S&P 500 Index 2,642 +20.54% (1-yr chg)

Rocket Fuel: One of my early Bullseye supporters co-manages $650B for a notable U.S. insurance company, and last week on FOX Business he described tax reform as “rocket fuel” for what is already a fundamentally strong market. I whole heartedly agree, and since the basket of high effective tax rate companies is actually down 5% compared to the S&P 500 over the past month, I would add its benefits are not yet priced in. For months I have been extolling the Two Es of Earnings and Employment as an incredibly powerful tonic for stock prices. With the Senate’s passage of a tax proposal early Saturday morning, the two houses can now convene and draft a bill for the President to sign within days. Bottom Line: I believe tax reform will add 7-10% to earnings next year, and I remind you 4Q profit growth is already tracking +12%. Rocket fuel indeed.

10-yr Treasury 2.36% (vs. 2.38% 1-yr ago)

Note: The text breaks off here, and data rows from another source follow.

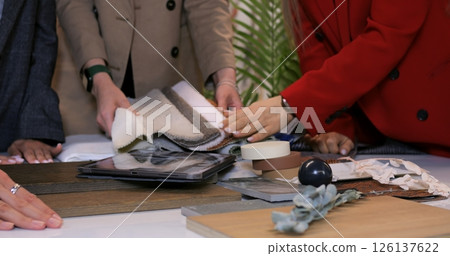 Interior design professionals collaborating at table, reviewing wood, fabric, and tile samples while planning comprehensive renovation strategy. Selection of materials for interior design 126137622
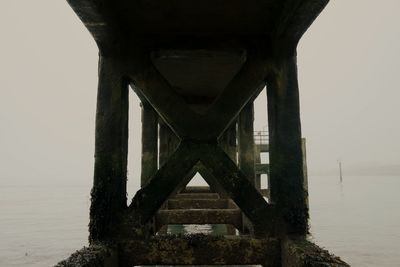 Below bridge over sea against sky during sunset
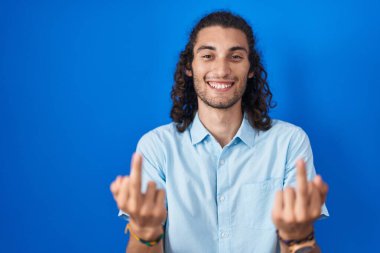 Young hispanic man standing over blue background showing middle finger doing fuck you bad expression, provocation and rude attitude. screaming excited 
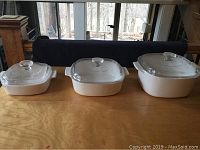 Photo showing three white Corning Ware casserole dishes with glass lids side by side on a wooden surface in front of windows.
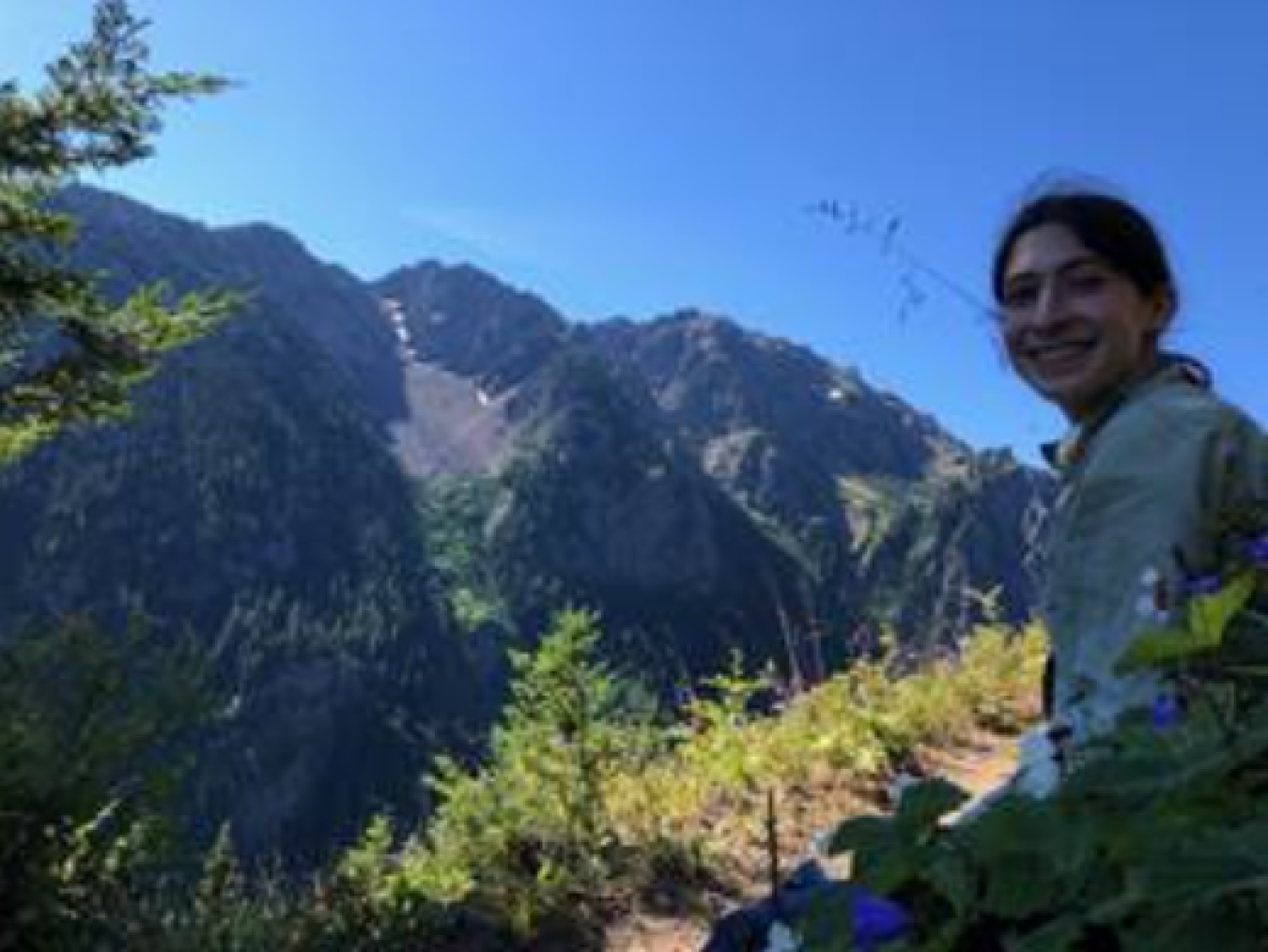 Julia Indivero smiling with mountains in the background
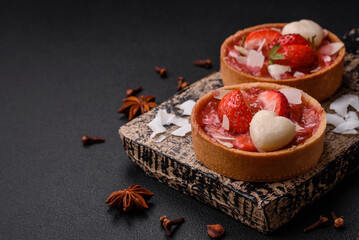 Delicious fresh sweet tartlets with strawberries and coconut flakes
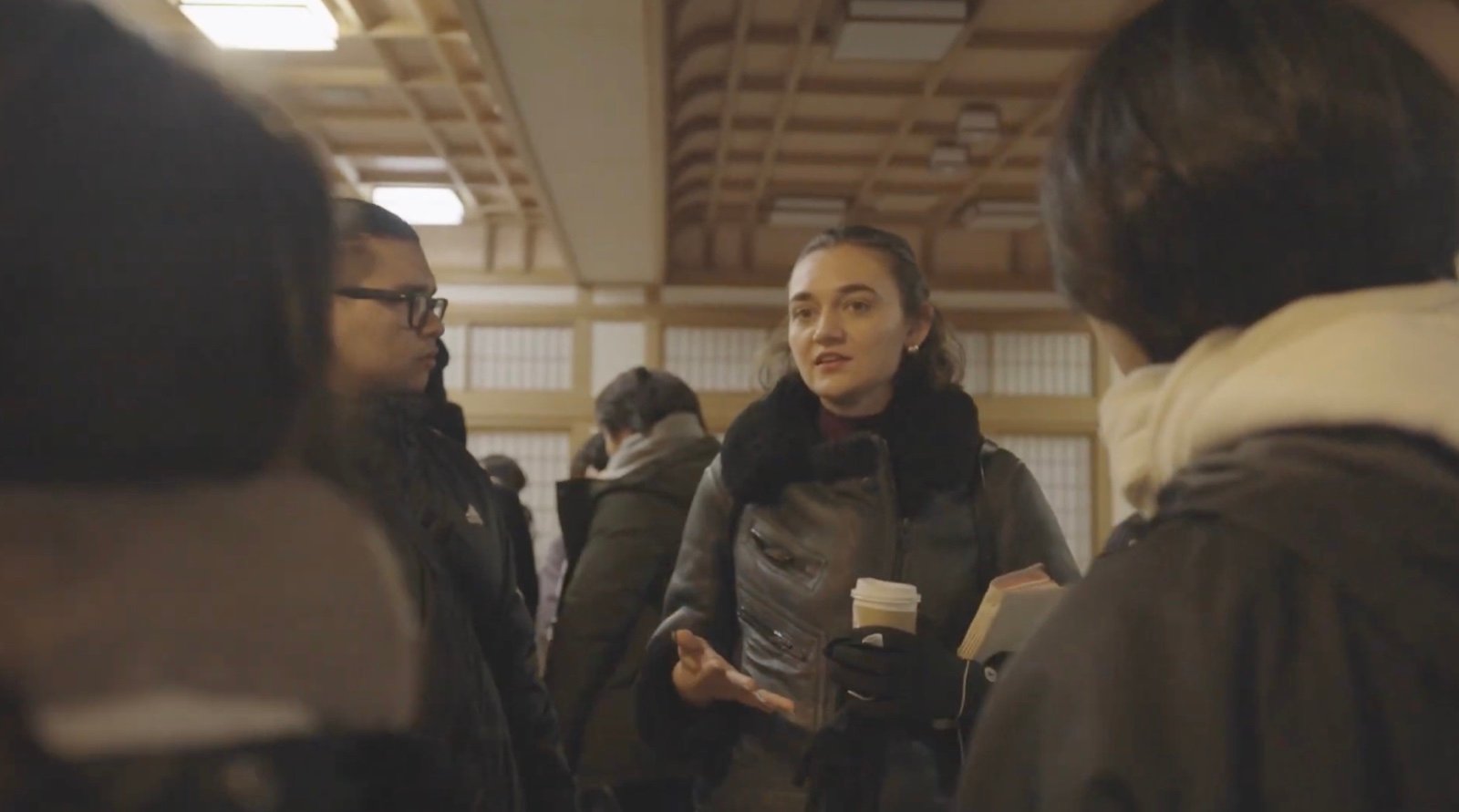 Larissa May speaking with others over coffee.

Inflation Nation. I fully expect the Fed will increase rates at next week’s meeting, as well as three times next year given the recent acceleration of GDP to 3.3%.  The 10-yr yield has fallen below 2.3% only one day since September 30, and it’s beginning to feel like a coiled spring. The economy is improving and higher yields reflect underlying growth. If you STILL haven’t locked in a 30-yr mortgage or shorted TLT in your trading account, please do so now. Time is running out. I reiterate my view the 10-year yield will rise to 3% over the next six months.

Dollar Index (DXY) 92.89 -7.20% (1-yr chg)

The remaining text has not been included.